第54回定期演奏会《曲目解説》ト短調交響曲 3/7

2012年4月14日 土曜日

 イタリアで発祥した交響曲はヨーロッパ各国で独自の進化を遂げていた。バロック時代は終焉を告げ、新しい時代が幕を開けていた。ヴィーンではメヌエットを加えた 4 楽章の交響曲が作曲され、マンハイムでは新しい楽派が、ロンドンではバッハとアーベルが改革を進めていた。これまでの交響曲は、王侯の広間で心地よい音楽を提供するといった位置づけであったが、内に秘めた苦悩や情熱といった感情を自己表現する「芸術」に改革が進められていた。ヴィーンでそれを目の当たりにしたモーツァルトはかなり衝撃を受けたに違いない。ロビンス・ランドンは、ヤン・ラ・ルーと 18 世紀の交響曲 7000 曲以上を調査した上で、このころのヴィーン楽派による改革の特徴を次のように述べている。
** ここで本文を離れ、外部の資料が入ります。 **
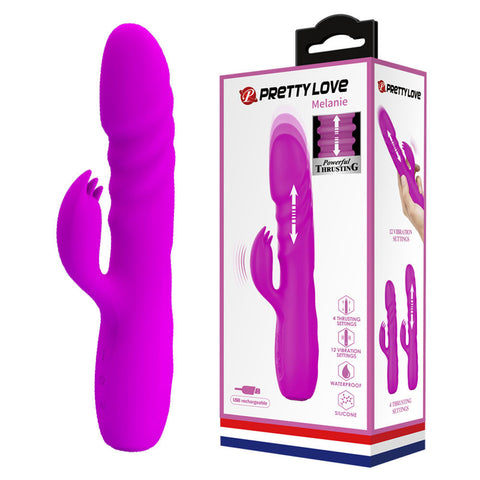 Pretty Love Melanie Powerful Thrusting Rabbit Vibrator Purple DONGS Thrusting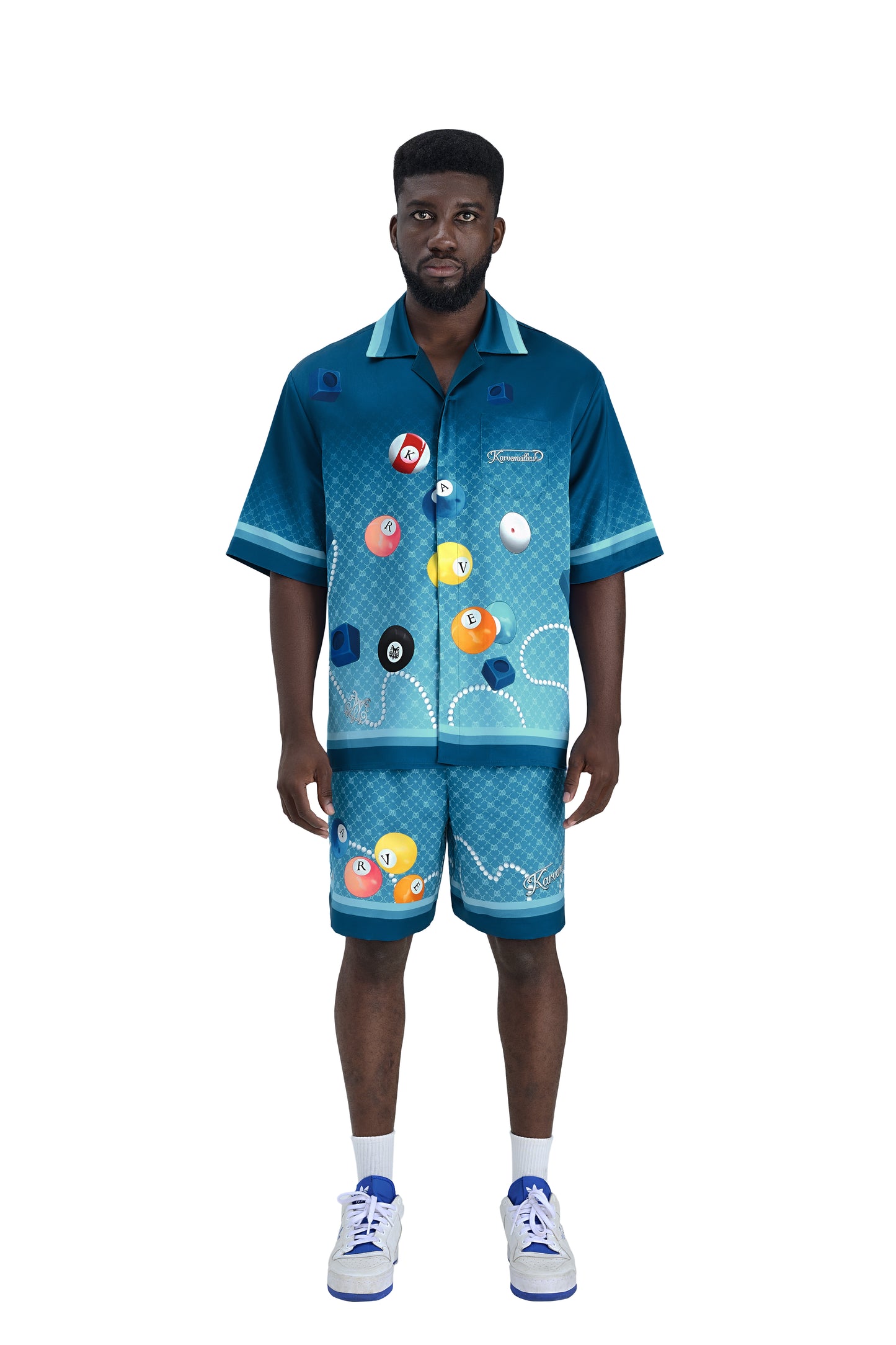 8Pools Blue Silk Shorts | Printed Silk Taffeta Relaxed Fit Nightlife Billiard Game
  • 短調の使用により、「シュトゥルム・ウント・ドランク(疾風怒濤)」の精神が端的に反映されている。
  • 対位法技術の頻繁な使用により、主題動機、和声構造など、その至る所に緊張感があふれている。
  • シンコペーションが非常に重要な構成要素になっている。
  • フィナーレに創意が一層凝らされ、より念入りに展開される。4 分の 2 拍子や 8 分の3 拍子よりも、アラ・ブレ―べ(2 分の 2 拍子)や 4 分の 4 拍子が好まれる。
  • 広い音程に基づく主題の動機が使われる。
  • バスの 8 分音符にヴァイオリンの 16 分音符の刻みがかぶさる。
  • 主題はしばしばユニゾンで奏される。

 モーツァルトが 3 度目に訪れたヴィーンで活躍していたのはヨーハン・バプティスト・ヴァンハルである。ヴァンハルは、1739 年 5 月 12 日にボヘミアのネハニーツェで生まれ、1760~1761 年頃、ヴィーンに来てカール・ディッタース(後のフォン・ディッタースドルフ)に作曲を師事する。1769 年 5 月から 1770 年 9 月までイタリアで過ごした後、ヴィーンに戻った。その後、クロアチアのバラジュディンなどにも移り住んだが、1785 年以降はヴィーンに定住し、作曲家、音楽家として活躍した。ヴァンハルの名声はウィーンに留まらず、多くの筆写譜や出版譜の形でヨーロッパ中に広まっていた。1768 年ヴィーンの新聞に「最高のマイスター」としてハイドン、クリスティアン・バッハ、ヴァーゲンザイルとともにヴァンハルの名前が挙げられている。晩年は精神疾患を患って、1813 年 8 月 20 日、74 歳で亡くなった。

 本日演奏するヨーハン・バプティスト・ヴァンハル作曲の交響曲ト短調 Bryan g1 は、1771 年のブライトコプフ社のカタログに現れる。正確な作曲年は不明であるが、ポール・ブライアンは残された楽譜とその作風から 1767~1768 年の作曲と推定している。全楽章を通して上述した「ヴィーン楽派による改革の特徴」が認められる。速い楽章で聞かれる内声部の途切れることのないシンコペーション。広い音程の主題、バスの 8 分音符に重ねられたヴァイオリンの 16 分音符の刻み。是非演奏会で確かめていただきたい。

 ヴァンハルがヴィーンにやってきた 1761 年、フランツ・ヨーゼフ・ハイドンは、ヴィーンの南南東 45 キロに位置するアイゼンシュタットのエステルハージ公爵家の副楽長に就任した。1766 年 3 月には、楽長に昇進。その頃、公爵が不在の間は、「アイゼンシュタットの高官室において、毎週、火曜日と木曜日の二回、午後 2 時から 4 時まで、全音楽家によって演奏会(アカデミー)を催すこと」が義務付けられていた。

 ハイドンは伝記作者グリージンガーに次のように語ったとされる。

 私は世間から隔絶され、私の近くには私の行く手をまごつかせたり惑わしたりするような人はおらず、したがって私は独創的にならざるを得ませんでした。

 エステルハージ家は、ハンガリーの貴族を代表する存在だったが、その地位はハンガリーにおけるハプスブルク家の支配を率先して認めたことによって得られたものであり、ヴィーンでは、彼らは、所詮「ハンガリーの」貴族でしかなかった。つまり、エステルハージ家は、地理的にも精神的にも、ハンガリーのナショナリストとヴィーンの宮廷の間にあって、その均衡の上に立っていた。世間から隔絶されていたのは、ヴィーンの芸術的サークルから排除されていたという文化的な意味以上にハイドンが仕えていた宮廷が政治的、社会的に孤立していたことと関連していたと、伊東は指摘している。